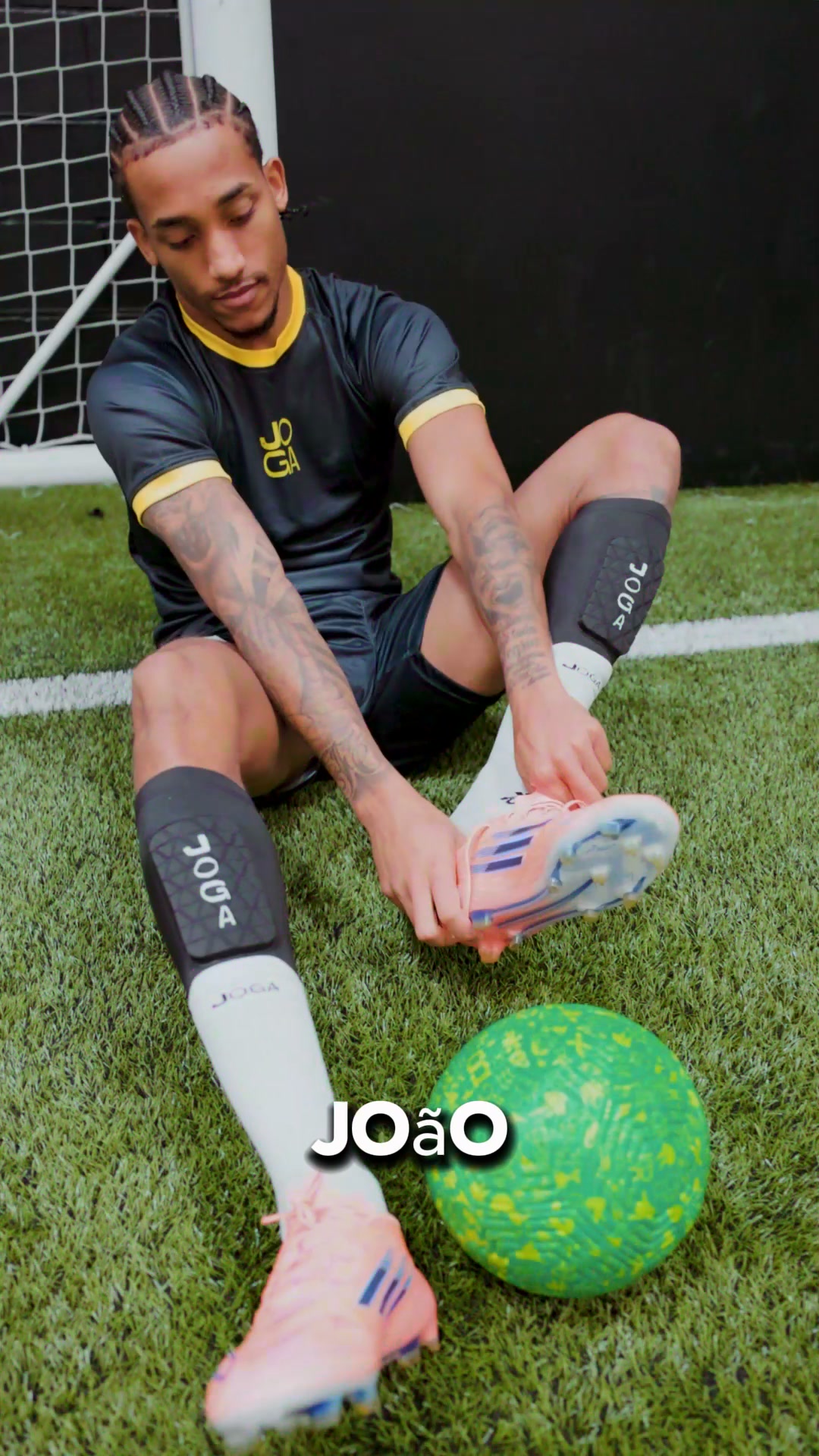 The Shin Guards João Pedro Wears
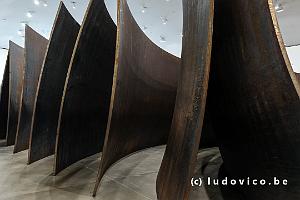 Richard Serra-Matter of Time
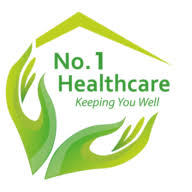 No1 Healthcare LTD logo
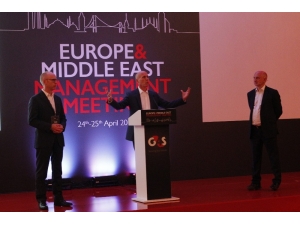 Dünya Güvenlik Devinin Avrupa Ve Ortadoğu Temsilcileri İstanbul’da Buluştu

● Work order
Only the lines from the one with "Richard Serra-Matter of Time" to the end of the listing, both ends included, should be retyped exactly; no pictures belong in the copy.

● Your response
 Richard Serra-Matter of Time
 No1 Healthcare LTD logo
 Dünya Güvenlik Devinin Avrupa Ve Ortadoğu Temsilcileri İstanbul’da Buluştu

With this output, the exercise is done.